* THE RECORDS *
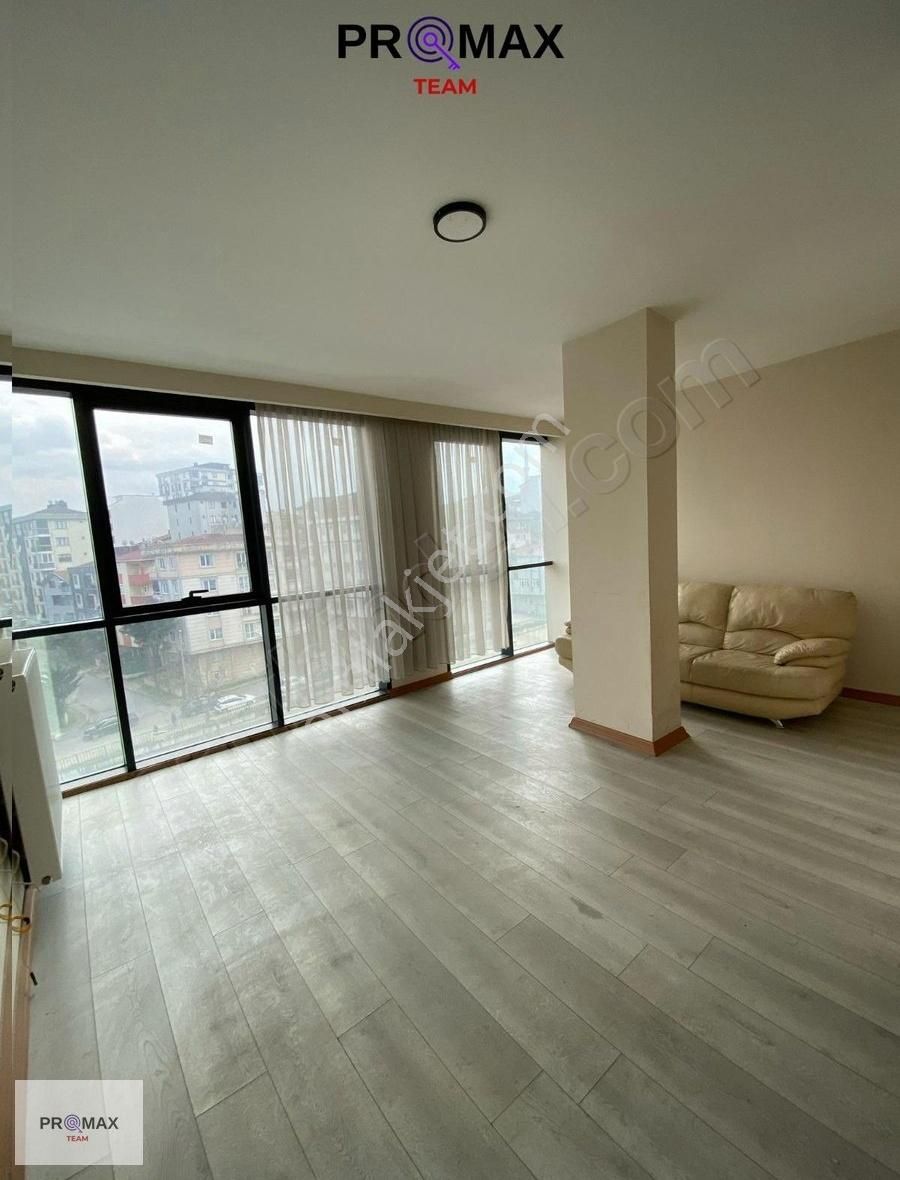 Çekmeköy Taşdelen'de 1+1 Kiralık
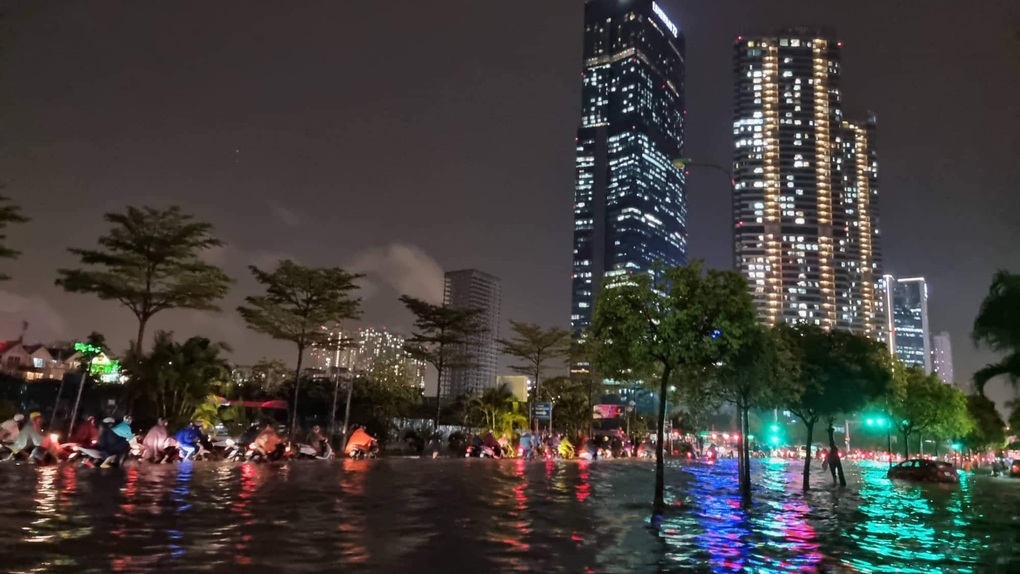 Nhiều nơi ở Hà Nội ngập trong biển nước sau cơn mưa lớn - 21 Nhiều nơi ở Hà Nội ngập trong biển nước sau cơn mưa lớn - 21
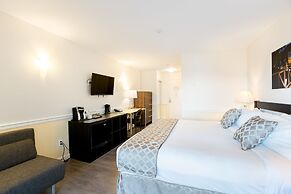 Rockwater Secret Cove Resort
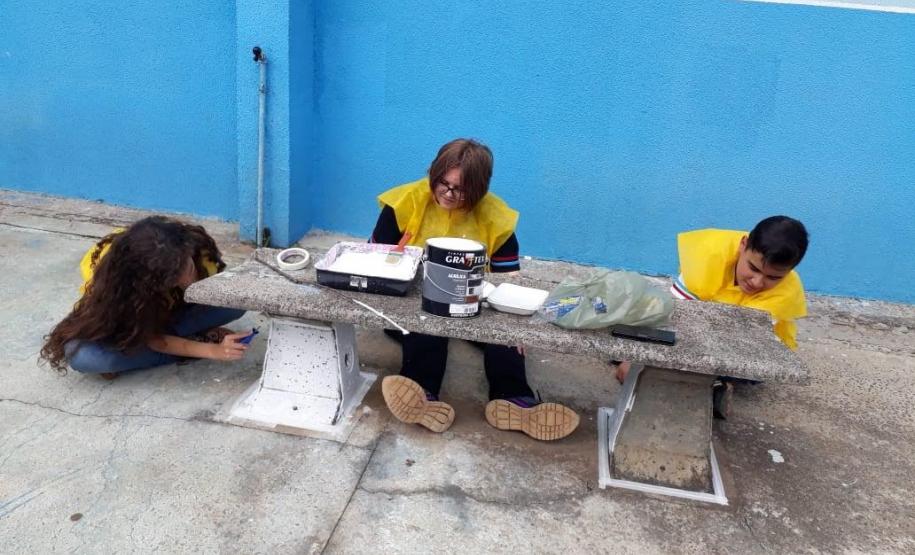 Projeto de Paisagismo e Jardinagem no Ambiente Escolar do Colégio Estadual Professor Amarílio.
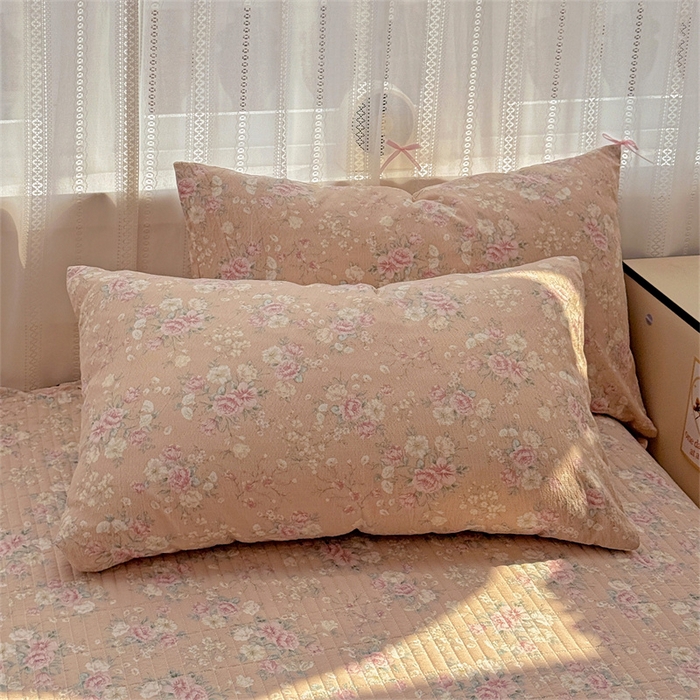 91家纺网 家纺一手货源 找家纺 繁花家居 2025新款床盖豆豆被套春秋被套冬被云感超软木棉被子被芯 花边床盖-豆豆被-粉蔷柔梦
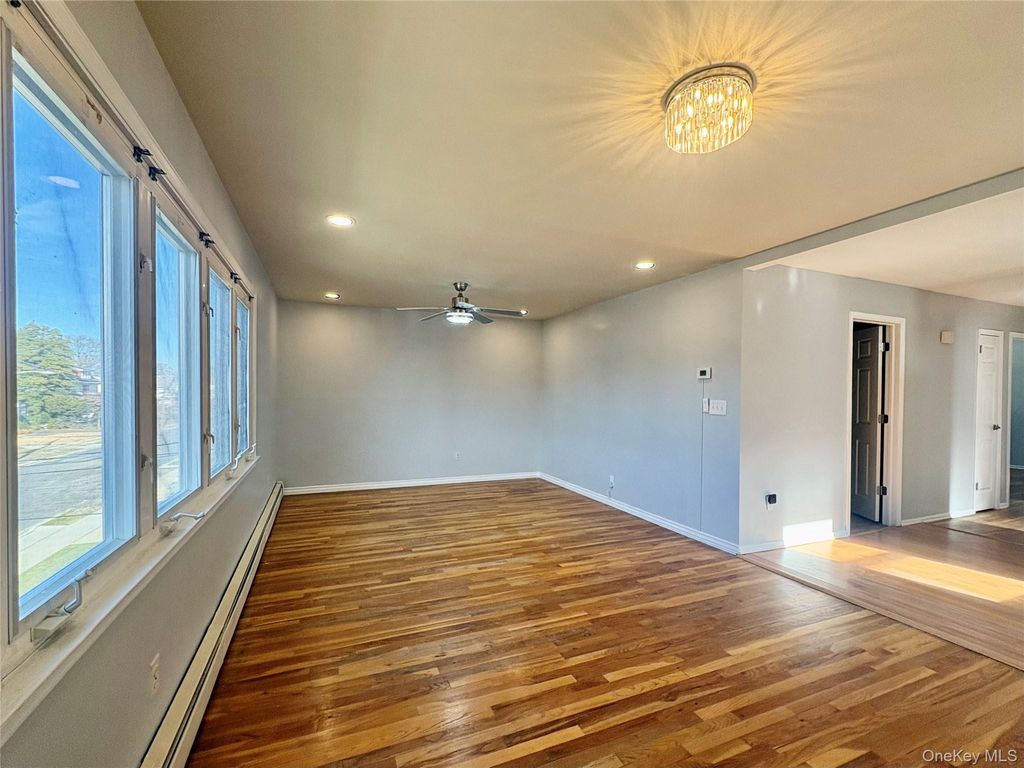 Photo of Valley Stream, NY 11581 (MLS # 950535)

* DIRECTIONS *
Write out the data word for word, with every picture dropped.

* EXERCISE RESULT *
 Çekmeköy Taşdelen'de 1+1 Kiralık
 Nhiều nơi ở Hà Nội ngập trong biển nước sau cơn mưa lớn - 21 Nhiều nơi ở Hà Nội ngập trong biển nước sau cơn mưa lớn - 21
 Rockwater Secret Cove Resort
 Projeto de Paisagismo e Jardinagem no Ambiente Escolar do Colégio Estadual Professor Amarílio.
 91家纺网 家纺一手货源 找家纺 繁花家居 2025新款床盖豆豆被套春秋被套冬被云感超软木棉被子被芯 花边床盖-豆豆被-粉蔷柔梦
 Photo of Valley Stream, NY 11581 (MLS # 950535)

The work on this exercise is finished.